In the spring of 1989, five weeks after their debut album was released, Billboard magazine certified it as the Number 1 Spiritual album in the country. The album stayed on the Billboard charts for 45 consecutive weeks, setting a new record for gospel recordings. At the 9th annual James Cleveland GMWA Awards, the Mississippi Mass Choir won the Choir of the Year-Contemporary, and Best New Artist of the Year-Traditional. They also won four Stellar Awards in 1989 and were nominated in several categories for the 1989 Soul Train Music Awards and Dove Awards.

The choir's second album, God Gets the Glory, was recorded live at the Mississippi Coliseum on December 8, 1990. The album debuted on the Billboard chart in the Number 16 position, reaching Number 1 position two weeks later. Awards followed with the release of the album. The choir recorded two live albums, one in 1991 with Frank Williams and James Moore as leads, and another with Moore in 1995. The choir's third and most popular album, It Remains to Be Seen..., was recorded live at Thalia Mara Hall on January 23, 1993, and remained at the top of the charts for an entire year. This album, unfortunately, was the last album Frank Williams recorded with the choir, as he died of a heart attack in Savannah, Georgia on March 22, 1993.

Eight more albums have been released since Frank Williams' death. Executive director Jerry Mannery states, "We are all about our Father's business. We are not entertainers; we are ministers for Christ. Our mission remains constant; to serve the Lord and spread the Gospel of Jesus Christ."

The choir has ministered in song in over 40 states within the United States, including Alaska. They have traveled to Japan, Italy, Spain, Bahamas, and Greece; becoming the first gospel group to perform at the Acropolis. While attending the Umbria Jazz Gospel and Soul Easter Festival in Terni, Italy, the choir was invited to sing for Pope John Paul II at his summer residence.

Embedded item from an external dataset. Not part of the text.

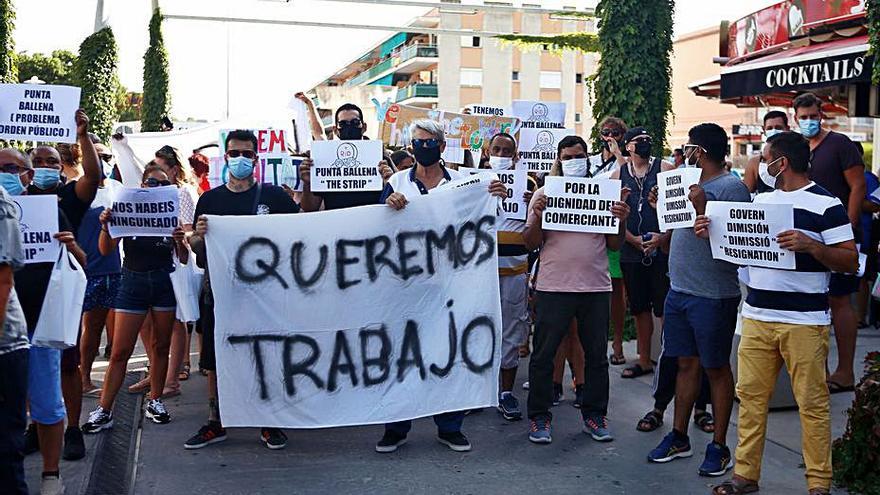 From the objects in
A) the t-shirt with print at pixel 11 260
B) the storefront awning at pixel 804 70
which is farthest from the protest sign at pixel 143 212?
the storefront awning at pixel 804 70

On June 19, 2009, the Mississippi Mass Choir commemorated their 20th anniversary by recording their ninth album, ...Then Sings My Soul, live at the First Baptist Church in Jackson. The album was officially released on February 1, 2011.

Also in 2009, the choir released a compilation CD/DVD titled The First Twenty Years, consisting of popular songs recorded over the years, and interviews with various choir members.

From December 8 to 26, 2010, the choir made a fourteen-city tour of Spain and the Canary Islands. According to concert promoter Luis Manjarres, "Since their first Spanish tour, Mississippi Mass Choir has become a classic of the European and the Spanish Christmas. They will showcase their talent in the main venues of Barcelona, Madrid, San Sebastian, Bilbao, Pamplona, Gijon, and Vigo. This tour of fourteen concerts will culminate on Christmas night, in the wonderful city of Santa Cruz de Tenerife at the Canary Islands, in a very special event with the 92-piece Tenerife Symphonic Orchestra, under the direction of Maestro Lu Jia. Mississippi Mass Choir will be the first African American choir to perform with a European Symphonic Orchestra before an audience of 20,000. It is the time for Mississippi Mass Choir ... It is the time for Classic Gospel."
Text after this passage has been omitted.